What is called “Indian Herring-bone” (B) is merely stitch A worked in longer and more slanting stitches, so that there is room between them for a second row in another colour, the two colours being, of course, properly interlaced.
To work C, bring your needle out as for A, and, putting it in at the upper edge of the line to be worked and pointing it downwards, whilst your thread lies to the right, take up ever so small a piece of the stuff. Then, slightly in advance of the last stitch, the thread still to the right, your needle now pointing upwards, take another similar stitch from the lower edge.
The variety at D is merely a combination of A and C, as may be seen by reference to the back of the sampler (opposite); though the short horizontal stitches there seen meet, instead of being wide apart as in the case of A.
What is known as “fish-bone” is illustrated in the three feathery shapes on the sampler (E), two of which are worked rather open. It is characteristic of this stitch that it has a sort of spine up the centre where the threads cross. Suppose the stitch to be worked horizontally.
Bring your needle out on the under edge of the spine about ¼th of an inch from the starting point of the work, and put it in on the upper edge of the work at the starting point, bringing it out immediately below that on the lower edge of the work.
Put it in again on the upper edge of the spine, rather in advance of where it came out on the lower edge of it before, and bring it out on the lower edge of this spine immediately below where it entered.
In close herring-bone (F on the sampler, Illustration 20) you have always a long stitch from left to right, crossed by a shorter stitch which goes from right to left. Having made a half stitch, bring the needle out at the beginning of the line to be worked, at the lower edge, and put it in ⅛th of an inch from the beginning of the upper edge.
Bring it out again at the beginning of this edge and put it in at the lower edge ¼th of an inch from the beginning, bringing it out on the same edge ⅛th of an inch from the beginning.

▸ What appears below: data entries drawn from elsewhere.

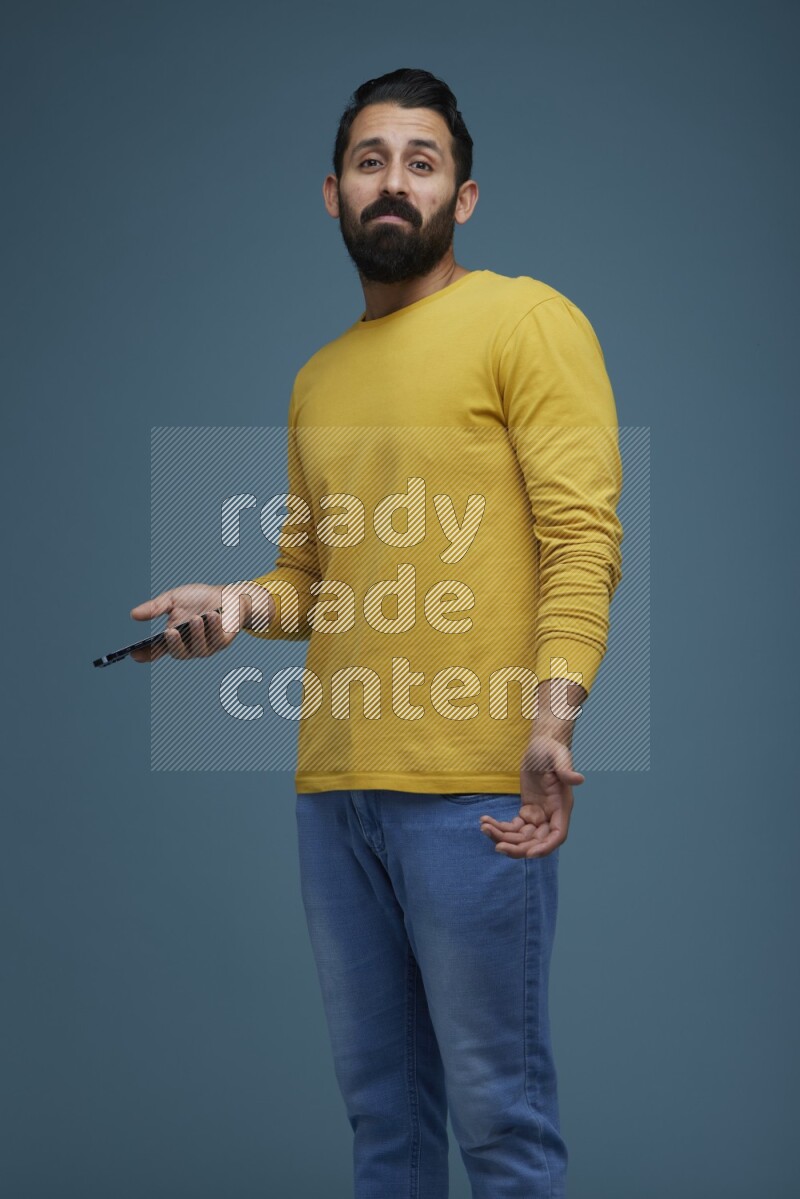 Man posing with a phone in a blue background wearing a yellow shirt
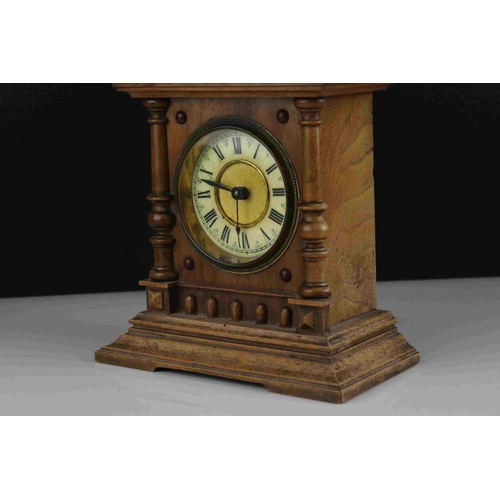 45 - Early 20th century Oak cased mantel clock with column and finial decoration, 29cms high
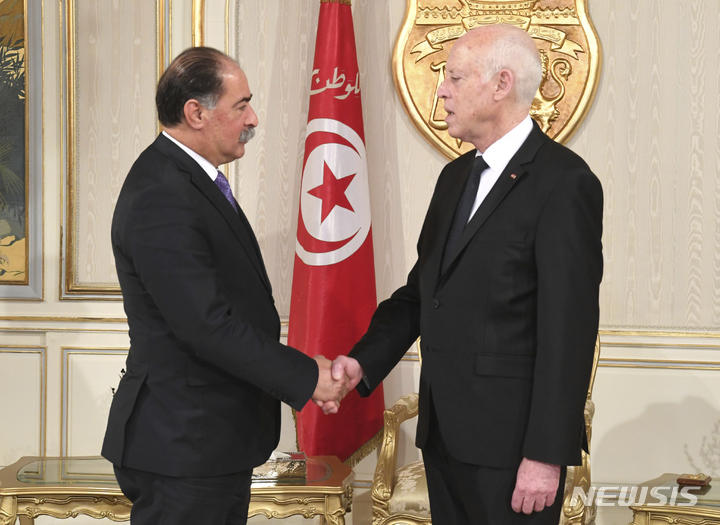 [ 튀니스( 튀니지)= AP/뉴시스]카이스 사예드 튀니지 대통령이 2023년 3월18일 신임 튀니지 내무장관 카멜 페키(왼쪽)의 임명식을 마치고 악수하고 있다.  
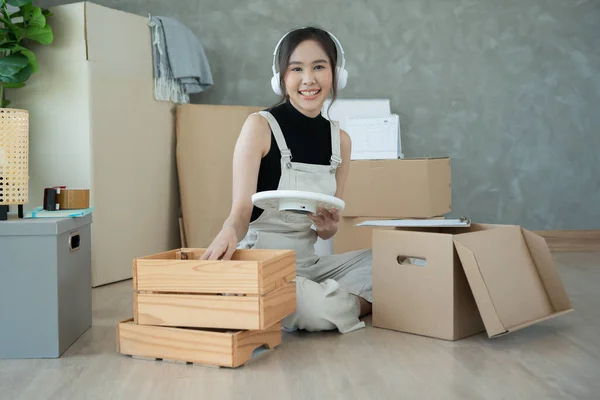 Moving house, relocation. Woman feel good and recreation on new apartment, inside the room was a cardboard box containing personal belongings and furniture. move in the house or condominium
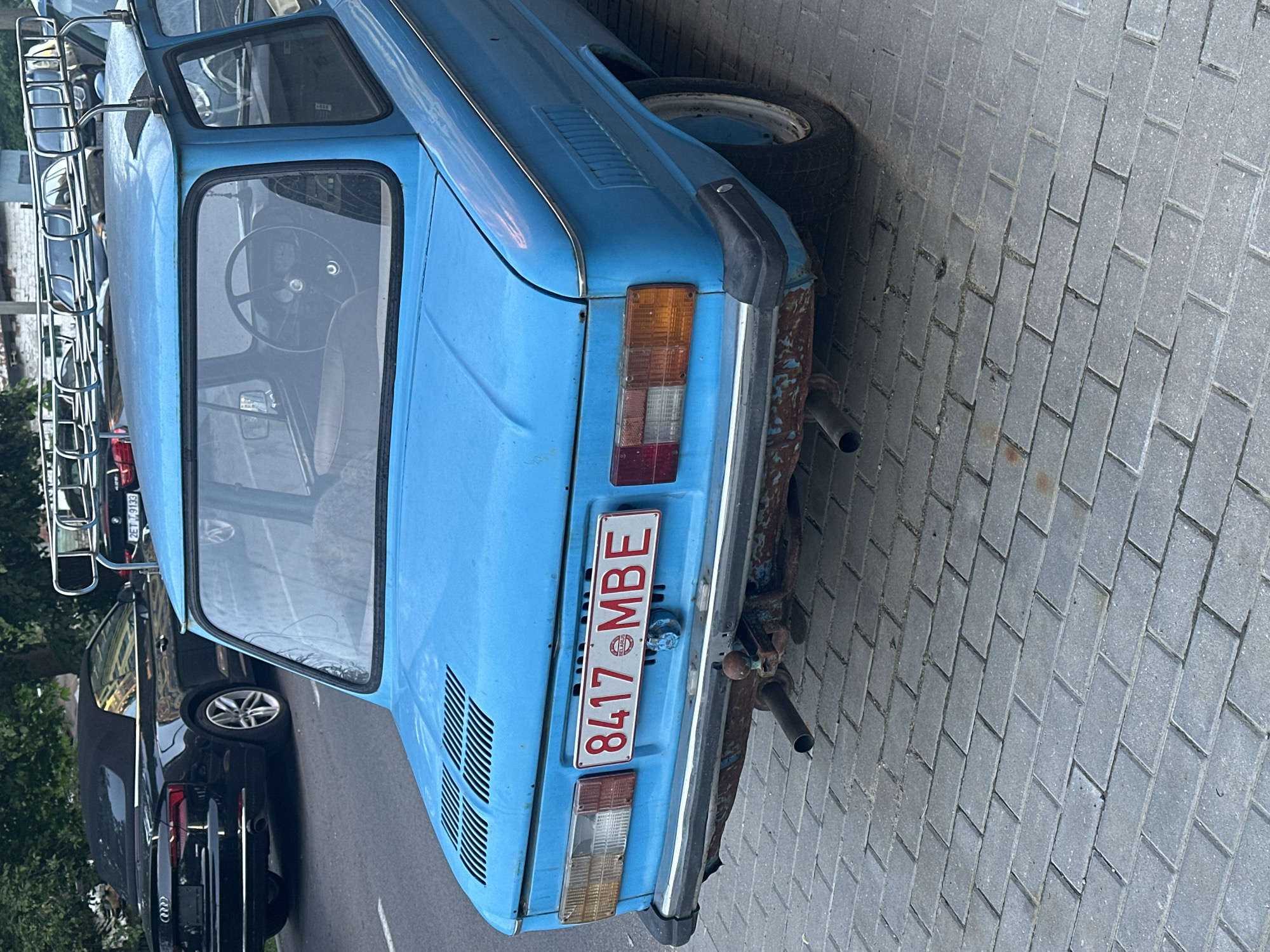The image shows the rear of a light blue vintage car parked on a paved surface. The car has a luggage rack on the roof. A license plate is visible, reading "8417 MBE" with a Minsk, Belarus seal. The car has visible signs of age and rust. Behind the blue car, a black car is parked on the asphalt. The scene is outdoors, likely in Minsk, Belarus, as indicated by the license plate.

Put the needle in again on the upper edge ⅛th of an inch in front of the last stitch on that edge, and bring it out again, without splitting the thread, on the same edge as the hole where the last stitch went in.
If you wish to cover a surface with herring-bone-stitch, you work it, of course, close, so that each successive stitch touches its foregoer at the point where the needle enters the stuff (F on the sampler, Illustration 20). It will be seen that at the back (21) this looks like a double row of back-stitching.
Worked straight across a wide leaf, as in the lower half of sampler, it is naturally very loose. A better method of working is shown in the side leaves, which are worked in two halves, beginning at the base of a leaf on one side and working down to it on the other. There is here just the suggestion of a mid-rib between the two rows.
The stitch at G on sampler, having the effect of higher relief than ordinary close herring-bone (F), is sometimes misleadingly described as tapestry stitch. It is worked, as the back of the sampler (21) clearly shows, in quite a different way. You get there parallel rows of double stitches.
Having made a half-stitch entering the material at the upper edge of the work, bring the needle out on the lower edge of it immediately opposite. Then, going back, put it in at the beginning of the upper edge, and bring it out at the beginning of the lower one.
Thence take a long slanting stitch upwards from left to right, bring the needle out on the lower edge immediately opposite, cross it by a rather shorter stitch from right to left, entering the stuff at the point where the first half-stitch ended, bring this out on the lower edge, opposite, and the stitch is done.